The creation of good wage laborers therefore required the disciplining of workers, forming habits necessary for industrial capital. This disciplining took many forms, from schooling, religious changes, and the introduction of more clocks and watches, to the suppression of non-work activities, and laws such as the “bloody code” that made it virtually impossible to exist outside of the context of wage-labor (see Thompson 1967, Federici 2014). Importantly, such a transformation of the workforce included an attempt to stamp out the magical beliefs of the workforce, and an attempt to replace such a worldview, practices and habits (we’ll call this a weltanschauung) with a scientific weltanshauung.

Federici identifies a central part of this attempt to upend the weltanshauung with the witch hunts that took place in the middle of the last millennium: when hundreds of thousands of people (mostly women) were tortured and executed for practicing, or appearing to practice, various forms of magic. Federici summarizes this social upheaval nicely: “What died was the concept of the body as a receptacle of magical powers that had prevailed in the medieval world. In reality, it was destroyed. For in the background of the new philosophy we find a vast initiative by the state, whereby what the philosophers classified as “irrational” was branded as a crime” (Federici 2014, 140).

Thus, the modern laborer is one that rejects a magical weltanshauung, instead operating under a tight regime of time-discipline. Workers now manage their time in work down to the second, and face reprimands even for bathroom breaks that extend beyond an allotted period. Instead of considering Tuesdays unlucky, the contemporary laborer under capitalism carries a smartphone that functions as a clock, alarm, and means by which they access their work.

5. You Better Work Witch

At this point one might suggest that a critical response to contemporary capitalism emerges from this potted history of the origins of our economic system. That is, if capital requires orderly workers who have good time-discipline, then let us become unruly, endorsing a weltanschauung that approximates that of the peasantry prior to the development of capitalism. We might refuse to play the role of a source of reliable labor power, fail to abide by the clock of the bourgeois workplace, and simply be unreliable in showing up for work—doing that which the repression of primitive accumulation was supposed to stamp out. Of course, such a program of resistance requires more than a single sentence sketch, but we might think of this as setting out a general idea to be developed further as this activism takes place. One might then suggest as follows: “Look! This kind of weltanschauung is already being developed in millennial and Gen-Z culture via its endorsement of all sorts of magical practices. Let us look to such a culture, to see if it can offer us resources for undermining capital by making us unruly.”

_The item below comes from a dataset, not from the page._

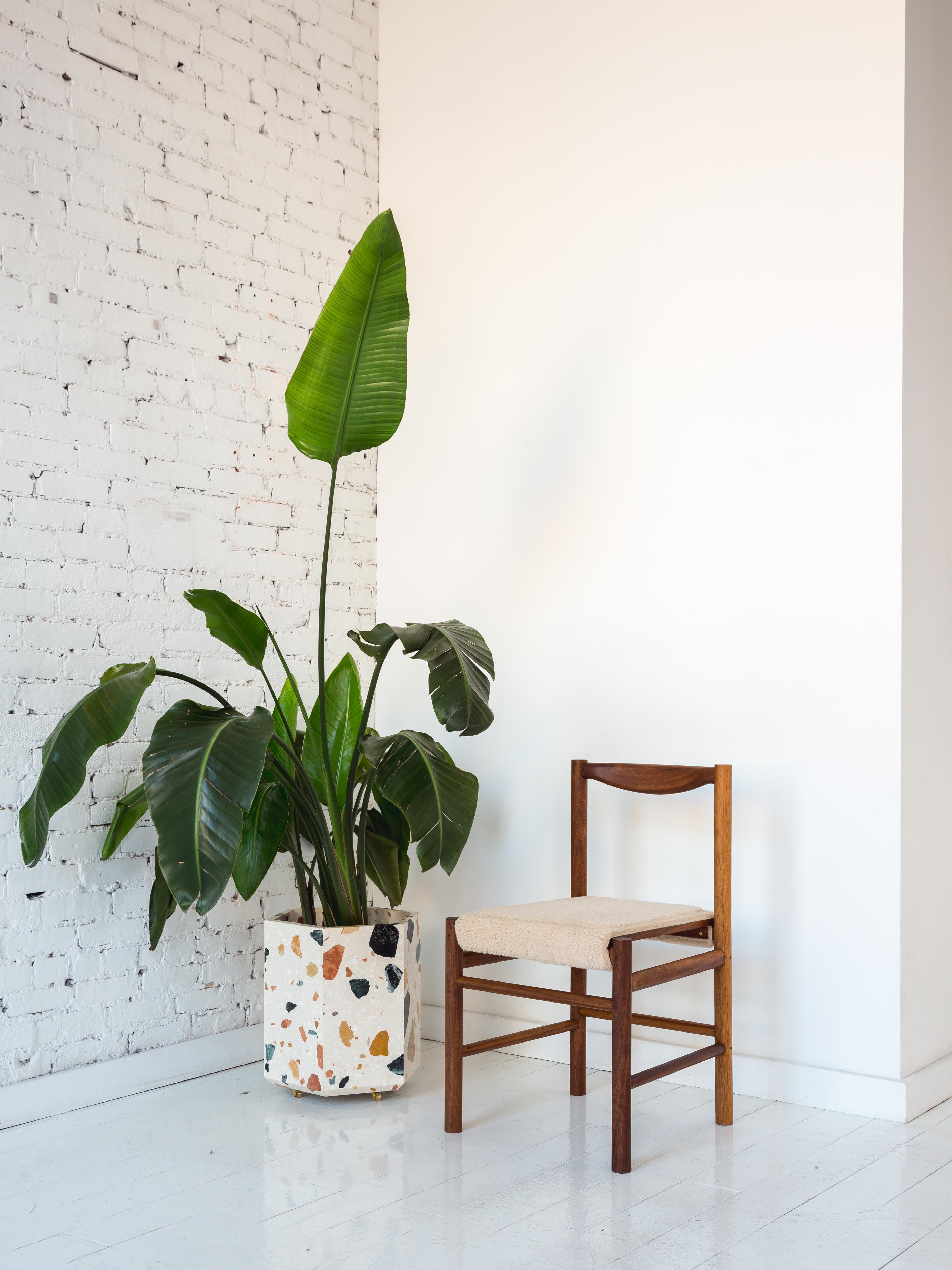 This stone planter is made of the highly coveted Marmoreal, a special aggregate terrazzo material produced by Dzek and designed by Max Lamb. Shown in white Marmoreal and also available in black.

Hexagonal planter is 16 tall and includes small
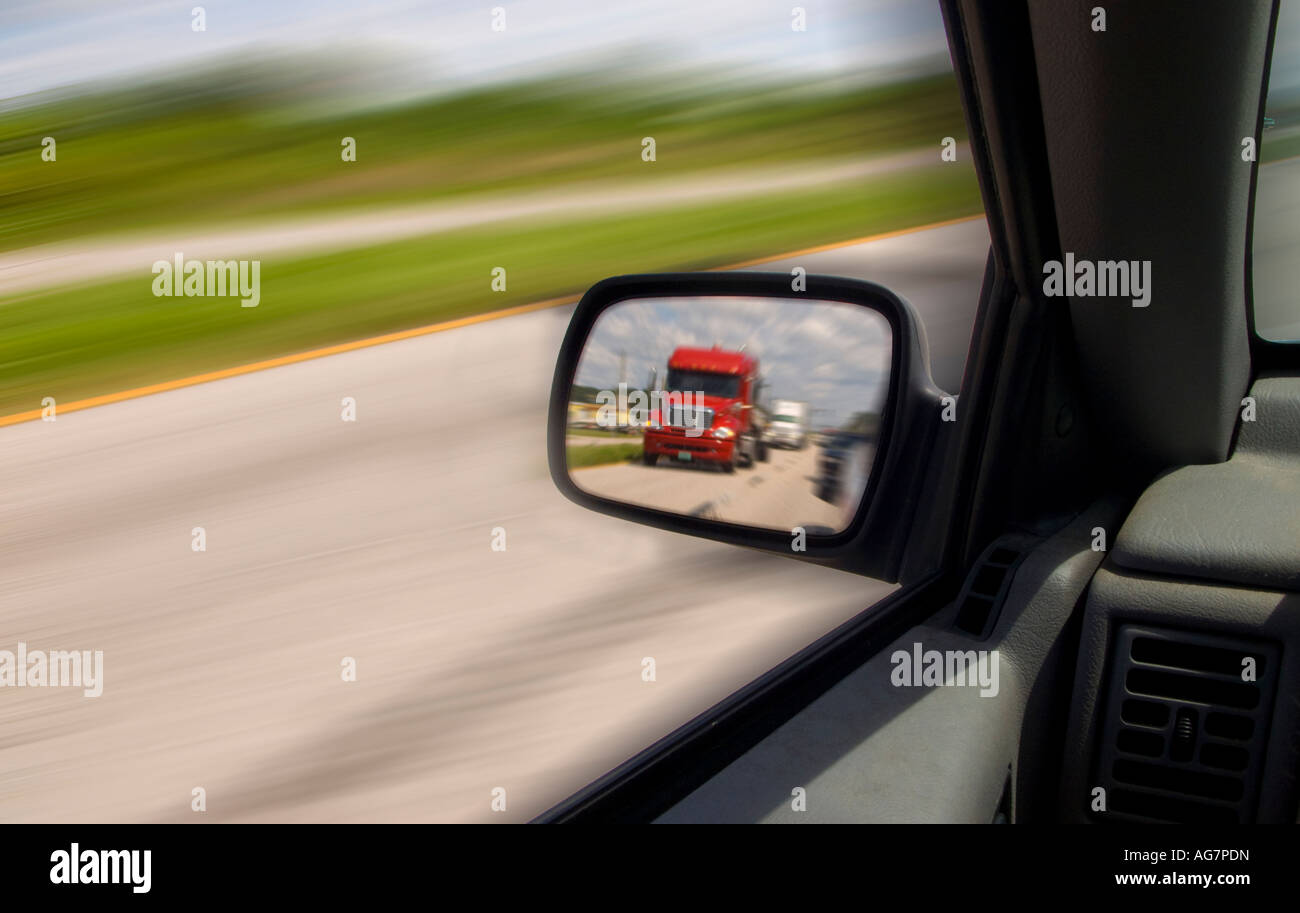 hintere Ansicht Auto Spiegel zeigen rote LKW Auto vorbei zu beschleunigen Stockfoto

If we want a full picture of the place that astrology has in the contemporary moment, we need to look more broadly at the history of astrology, and its connection to current ideological and economic formations.

Unfortunately, we think that whilst millennial and Gen-Z culture has adopted the aesthetics of magic, the culture has failed to adopt any associated form of unruliness. In fact, capitalism itself has noted the demand for divine intervention, and packaged it for consumption. In reaction to the grassroots creation of astrological internet memes, commodities such as birth charts and personal readings are enjoying a resurgence. Lingerie brand Agent Provocateur has run a zodiac-themed event where customers use their Venus sign—the star sign governing love—in order to find their personal lingerie styles, and Amazon sent out shopping horoscopes to its Prime Insider subscribers. It has even been reported that venture capital has invested in the $2.1 billion dollar astro-market (Griffith 2019).11Astrologer Alice Sparkly Kat suggests that despite this, much of astrology is a “fandom world” and therefore astrologers “are not out to evangelize or to grow as the capitalists tell us we should be if we are to stay viable” (Kat 2021, 14). Now, there are certainly amateur astrologers for whom this is indeed the case. However, the mute compulsion of capital is such that for those whose income relies on astrology, evangelising is indeed necessary (c.f., Mau 2023, Marx 1976 899). Were there no customers seeking astrological advice, such astrologers would quickly need to find new jobs. Whether one has a radical aesthetic or a fandom aesthetic, market logic is inescapable. As Federici puts it, “Astrology too can be allowed to return, with the certainty that even the most devoted consumer of astral charts will automatically consult the watch before going to work” (Federici 2014, 143). Moreover, the watch and the chart are accessed—the mobile phone. Indeed, the clock in the top right-hand corner of the smartphone does not disappear when consulting the latest astrology meme on Instagram.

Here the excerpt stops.